The video, which the park posted on social media last week, is a compilation of shots captured by a trail camera. It shows a series of solo adult gray wolves (Canis lupus) trotting through a forested area with “some interesting items” in their mouths, per the park.
Once they wean off their mother’s milk, wolf pups rely on adults to go out and hunt, then bring back food to the den. But when that’s not possible, the adults instead retrieve odd items for the pups to gnaw on.
“Pups await food deliveries from successful hunts, but in the absence of food, adults bring ‘toys,’” the park wrote on Facebook. “The instinct to bring items back to the den may be reinforced by evolution and probably helps keep adults from being mobbed by sharp puppy teeth.”
The adult wolves are part of “Mollie’s Pack,” one of ten known wolf packs living within Yellowstone as of January 2023. This particular pack is named after Mollie Beattie, who in 1993 became the first woman to serve as director of the United States Fish and Wildlife Service.
Beattie, who died in 1996 at the age of 49, advocated for the reintroduction of wolves into Yellowstone National Park to help rebalance the ecosystem after the animals were systematically exterminated within the park and the lower 48 states through the mid-1900s.

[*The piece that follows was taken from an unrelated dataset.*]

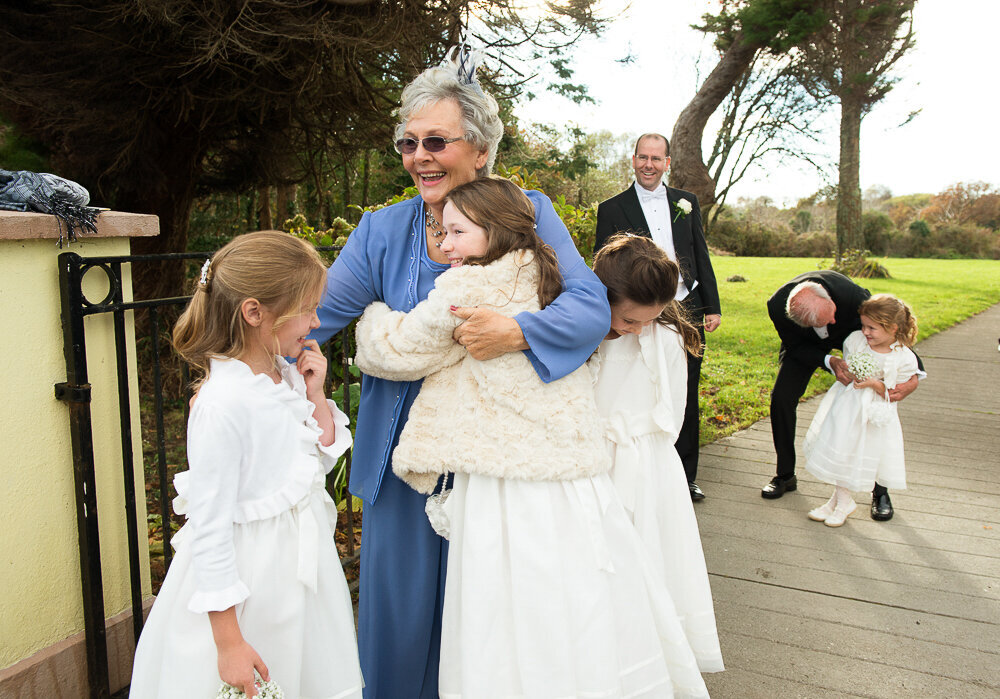 Grandmother wearing blue hugging her flower girl grandchildren at the gate of a church in Kenmare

Wolf reintroduction was a highly controversial initiative that many people—especially local farmers and ranchers—opposed. And yet, Beattie and other wildlife managers ultimately achieved their vision and successfully relocated 41 wolves from western Canada to the park between 1995 and 1997.
Today, that number has blossomed to at least 108 wolves living in Yellowstone. Additional wolves live outside the park, too, in what’s known as the Greater Yellowstone Ecosystem. The population is largely healthy, though the Yellowstone wolves have suffered from diseases like distemper and a skin infection known as sarcoptic mange, which is transmitted by mites.

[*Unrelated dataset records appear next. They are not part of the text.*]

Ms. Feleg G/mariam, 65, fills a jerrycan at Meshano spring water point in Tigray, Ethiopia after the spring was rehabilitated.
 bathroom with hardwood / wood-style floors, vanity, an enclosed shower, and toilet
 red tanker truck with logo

Wolves usually live between two and five years, however, one Yellowstone wolf made it to 12.5 years old, per the park. They primarily eat elk, deer and smaller mammals, though they are also increasingly feeding on bison.
The mammals typically mate in February, and after a gestation period of roughly 63 days, females give birth in dens by mid-April. The average litter size is four to five pups, which subsist on their mother’s milk for the first five to nine weeks of their lives. After they wean, adults continue to feed them for another three months by eating and regurgitating prey.
Today, gray wolves are protected under the Endangered Species Act in many states. In late 2020, the Trump administration removed the animals from the endangered list, which eliminated their legal protections. But in February 2022, they were re-listed as endangered after a judge reversed the decision.
Outside of Yellowstone, wolves have been reintroduced elsewhere in the U.S. In 2020, Colorado voters narrowly approved a plan to reintroduce wolves to the state. Wildlife officials say they will begin releasing the animals by the end of this year, though they have been having a tough time finding another state that will donate wolves to the cause.
At Michigan’s Isle Royale National Park, biologists released wolves relocated from the state’s Upper Peninsula, Minnesota and Canada in 2018, in hopes that they would repopulate the island. At the time, just two highly inbred wolves remained; now, the park’s population has grown to 31 wolves.
Editor’s Note, August 29, 2023: This story has been updated to reflect that Mollie Beattie became director of the Fish and Wildlife Service in 1993.